— THE PROBLEM —
Your answer should hold every line of the records below that contains the string "Nissan".
═════ GIVEN DATA ═════
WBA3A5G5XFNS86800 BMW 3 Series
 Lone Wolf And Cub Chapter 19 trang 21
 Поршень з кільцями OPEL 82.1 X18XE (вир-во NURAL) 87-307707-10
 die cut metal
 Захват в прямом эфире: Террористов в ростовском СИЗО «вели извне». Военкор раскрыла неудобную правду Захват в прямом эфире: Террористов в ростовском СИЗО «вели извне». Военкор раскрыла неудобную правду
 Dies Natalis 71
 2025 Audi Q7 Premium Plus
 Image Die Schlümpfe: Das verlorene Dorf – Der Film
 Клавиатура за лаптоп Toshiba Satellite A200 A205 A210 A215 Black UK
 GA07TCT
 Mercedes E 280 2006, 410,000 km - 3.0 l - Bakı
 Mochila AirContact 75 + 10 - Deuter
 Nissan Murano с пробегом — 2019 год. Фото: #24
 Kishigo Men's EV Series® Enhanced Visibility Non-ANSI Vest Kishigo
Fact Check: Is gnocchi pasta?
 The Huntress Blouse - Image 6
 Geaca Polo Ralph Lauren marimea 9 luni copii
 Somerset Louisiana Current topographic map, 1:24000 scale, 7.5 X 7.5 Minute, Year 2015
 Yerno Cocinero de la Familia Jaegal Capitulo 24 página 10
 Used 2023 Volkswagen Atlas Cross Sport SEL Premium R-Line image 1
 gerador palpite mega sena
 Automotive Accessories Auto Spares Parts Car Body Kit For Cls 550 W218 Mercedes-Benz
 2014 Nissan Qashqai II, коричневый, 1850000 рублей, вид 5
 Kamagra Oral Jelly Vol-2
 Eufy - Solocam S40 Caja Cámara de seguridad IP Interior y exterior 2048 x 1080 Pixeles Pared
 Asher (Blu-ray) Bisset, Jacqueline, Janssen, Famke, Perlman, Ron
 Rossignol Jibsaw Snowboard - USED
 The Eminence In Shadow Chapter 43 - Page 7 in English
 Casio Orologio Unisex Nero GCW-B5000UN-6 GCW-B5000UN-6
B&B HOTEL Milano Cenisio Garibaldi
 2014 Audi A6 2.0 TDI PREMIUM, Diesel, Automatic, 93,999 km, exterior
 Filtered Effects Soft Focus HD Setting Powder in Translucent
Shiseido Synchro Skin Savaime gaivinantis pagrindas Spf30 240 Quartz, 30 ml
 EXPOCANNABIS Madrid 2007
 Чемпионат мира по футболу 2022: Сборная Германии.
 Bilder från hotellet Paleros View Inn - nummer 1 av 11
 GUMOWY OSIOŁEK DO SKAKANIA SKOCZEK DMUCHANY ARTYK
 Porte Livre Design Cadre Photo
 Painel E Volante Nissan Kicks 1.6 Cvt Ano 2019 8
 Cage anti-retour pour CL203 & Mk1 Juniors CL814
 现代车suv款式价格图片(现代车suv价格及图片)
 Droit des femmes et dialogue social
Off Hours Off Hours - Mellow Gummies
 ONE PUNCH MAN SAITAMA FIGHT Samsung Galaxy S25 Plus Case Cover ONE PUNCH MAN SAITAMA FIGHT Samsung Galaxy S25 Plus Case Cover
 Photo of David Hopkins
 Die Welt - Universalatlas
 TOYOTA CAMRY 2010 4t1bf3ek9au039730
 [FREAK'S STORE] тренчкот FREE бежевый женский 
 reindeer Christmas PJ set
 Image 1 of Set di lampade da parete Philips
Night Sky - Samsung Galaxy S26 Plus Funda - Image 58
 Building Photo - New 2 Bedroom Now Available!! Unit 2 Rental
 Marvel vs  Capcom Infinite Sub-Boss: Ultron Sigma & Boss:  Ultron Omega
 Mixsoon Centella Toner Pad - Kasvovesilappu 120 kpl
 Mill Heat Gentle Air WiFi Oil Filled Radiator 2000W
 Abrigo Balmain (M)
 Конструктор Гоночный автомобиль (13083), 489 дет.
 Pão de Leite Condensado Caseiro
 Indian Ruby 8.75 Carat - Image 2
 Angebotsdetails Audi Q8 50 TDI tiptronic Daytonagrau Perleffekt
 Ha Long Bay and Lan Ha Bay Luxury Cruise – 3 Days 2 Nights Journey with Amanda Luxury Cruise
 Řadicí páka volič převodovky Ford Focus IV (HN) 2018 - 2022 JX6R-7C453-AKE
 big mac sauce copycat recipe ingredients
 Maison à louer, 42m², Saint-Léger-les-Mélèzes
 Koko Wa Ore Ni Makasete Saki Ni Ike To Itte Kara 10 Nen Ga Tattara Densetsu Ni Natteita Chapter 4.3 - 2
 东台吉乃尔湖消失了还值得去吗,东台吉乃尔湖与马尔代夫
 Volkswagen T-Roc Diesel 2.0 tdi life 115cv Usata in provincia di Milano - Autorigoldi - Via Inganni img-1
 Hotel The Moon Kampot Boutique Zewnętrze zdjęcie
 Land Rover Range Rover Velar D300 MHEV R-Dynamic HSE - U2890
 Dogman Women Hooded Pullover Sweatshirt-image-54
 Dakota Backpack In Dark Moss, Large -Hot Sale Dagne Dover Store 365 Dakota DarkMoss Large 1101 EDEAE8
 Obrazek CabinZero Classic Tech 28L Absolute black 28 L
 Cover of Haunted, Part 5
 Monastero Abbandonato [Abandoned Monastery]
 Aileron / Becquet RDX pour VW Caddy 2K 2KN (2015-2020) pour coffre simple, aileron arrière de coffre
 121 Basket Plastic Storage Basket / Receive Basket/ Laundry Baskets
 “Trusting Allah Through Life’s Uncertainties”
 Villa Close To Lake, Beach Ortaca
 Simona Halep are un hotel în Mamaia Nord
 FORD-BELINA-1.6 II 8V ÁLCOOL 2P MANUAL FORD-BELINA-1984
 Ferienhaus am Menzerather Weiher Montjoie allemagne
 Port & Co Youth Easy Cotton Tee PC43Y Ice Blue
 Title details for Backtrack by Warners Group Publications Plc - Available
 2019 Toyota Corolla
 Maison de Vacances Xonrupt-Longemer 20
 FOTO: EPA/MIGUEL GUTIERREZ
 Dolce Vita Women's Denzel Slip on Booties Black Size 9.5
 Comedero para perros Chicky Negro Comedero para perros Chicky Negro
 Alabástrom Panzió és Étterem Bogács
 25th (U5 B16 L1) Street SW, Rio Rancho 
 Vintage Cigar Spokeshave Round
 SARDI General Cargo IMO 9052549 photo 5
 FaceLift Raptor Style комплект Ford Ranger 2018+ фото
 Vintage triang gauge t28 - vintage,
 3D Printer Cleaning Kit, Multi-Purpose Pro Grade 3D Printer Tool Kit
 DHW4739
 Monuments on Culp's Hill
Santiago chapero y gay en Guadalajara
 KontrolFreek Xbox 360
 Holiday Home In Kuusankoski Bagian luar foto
═════
— REPLY —
 Nissan Murano с пробегом — 2019 год. Фото: #24
 2014 Nissan Qashqai II, коричневый, 1850000 рублей, вид 5
 Painel E Volante Nissan Kicks 1.6 Cvt Ano 2019 8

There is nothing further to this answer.